TASK DETAILS: An exact copy of every entry is required, minus the pictures.

(Short web captions)
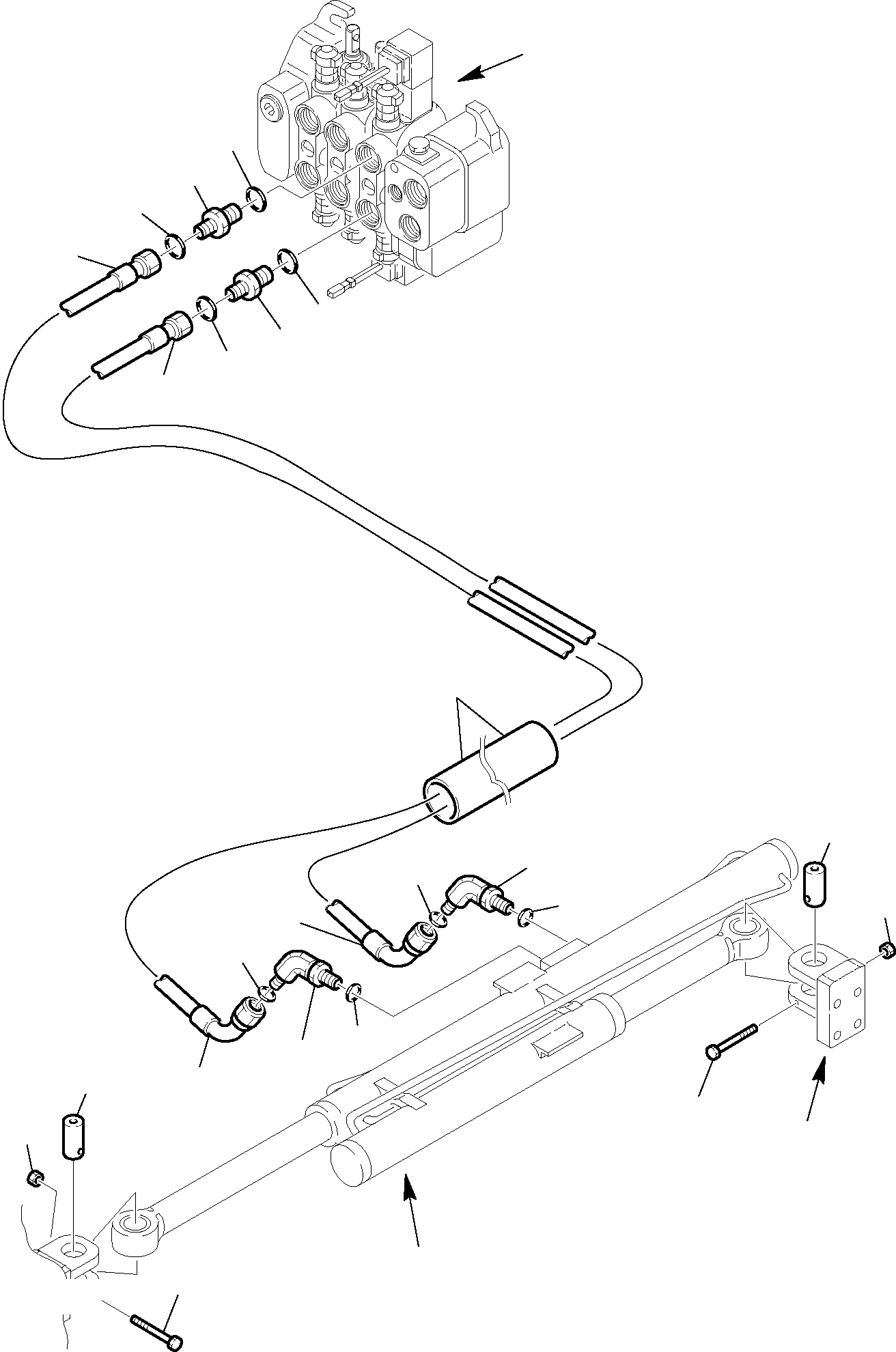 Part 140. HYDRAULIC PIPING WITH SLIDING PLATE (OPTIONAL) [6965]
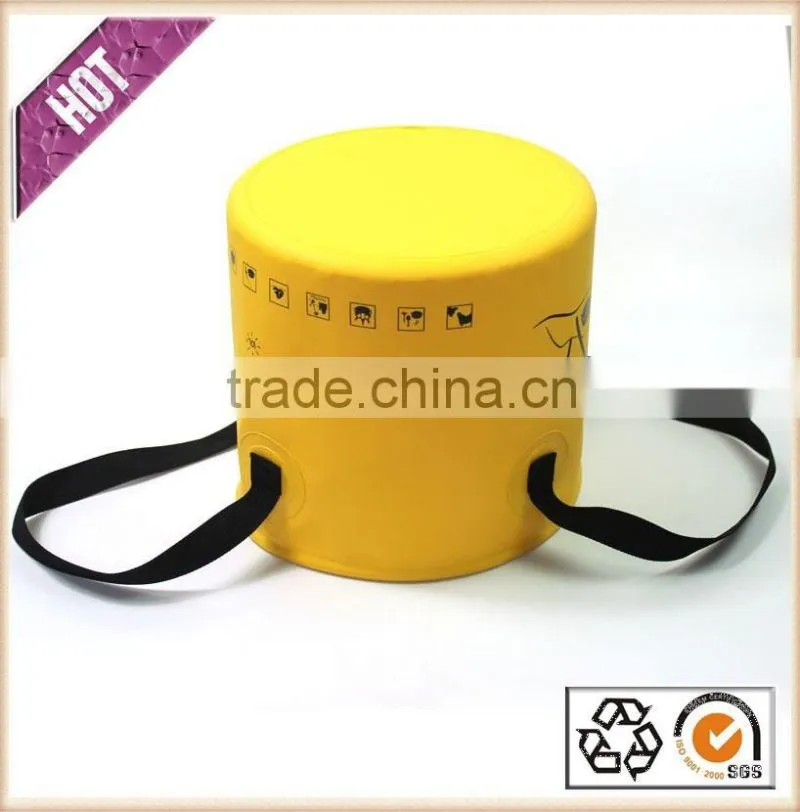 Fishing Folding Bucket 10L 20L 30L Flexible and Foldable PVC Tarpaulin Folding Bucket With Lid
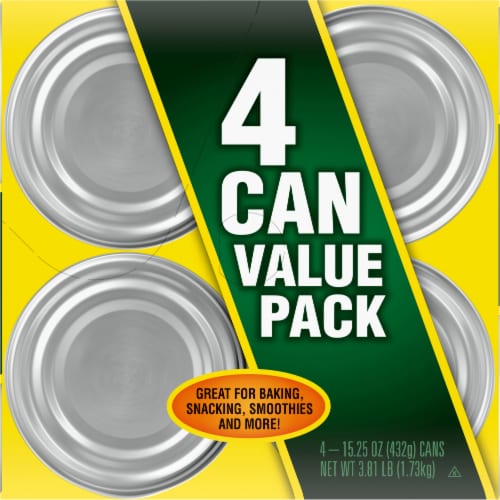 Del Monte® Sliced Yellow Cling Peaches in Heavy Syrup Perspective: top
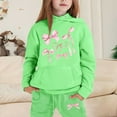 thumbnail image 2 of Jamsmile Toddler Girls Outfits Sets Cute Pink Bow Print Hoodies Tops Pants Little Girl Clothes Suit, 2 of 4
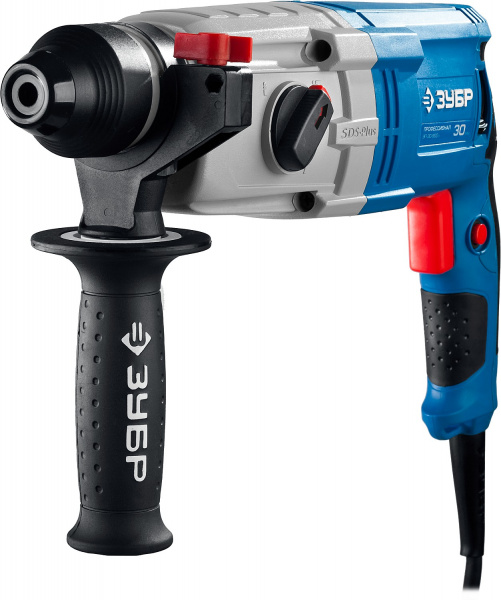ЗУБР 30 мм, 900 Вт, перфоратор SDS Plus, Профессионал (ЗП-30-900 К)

COMPLETED TASK:
 Part 140. HYDRAULIC PIPING WITH SLIDING PLATE (OPTIONAL) [6965]
 Fishing Folding Bucket 10L 20L 30L Flexible and Foldable PVC Tarpaulin Folding Bucket With Lid
 Del Monte® Sliced Yellow Cling Peaches in Heavy Syrup Perspective: top
 thumbnail image 2 of Jamsmile Toddler Girls Outfits Sets Cute Pink Bow Print Hoodies Tops Pants Little Girl Clothes Suit, 2 of 4
ЗУБР 30 мм, 900 Вт, перфоратор SDS Plus, Профессионал (ЗП-30-900 К)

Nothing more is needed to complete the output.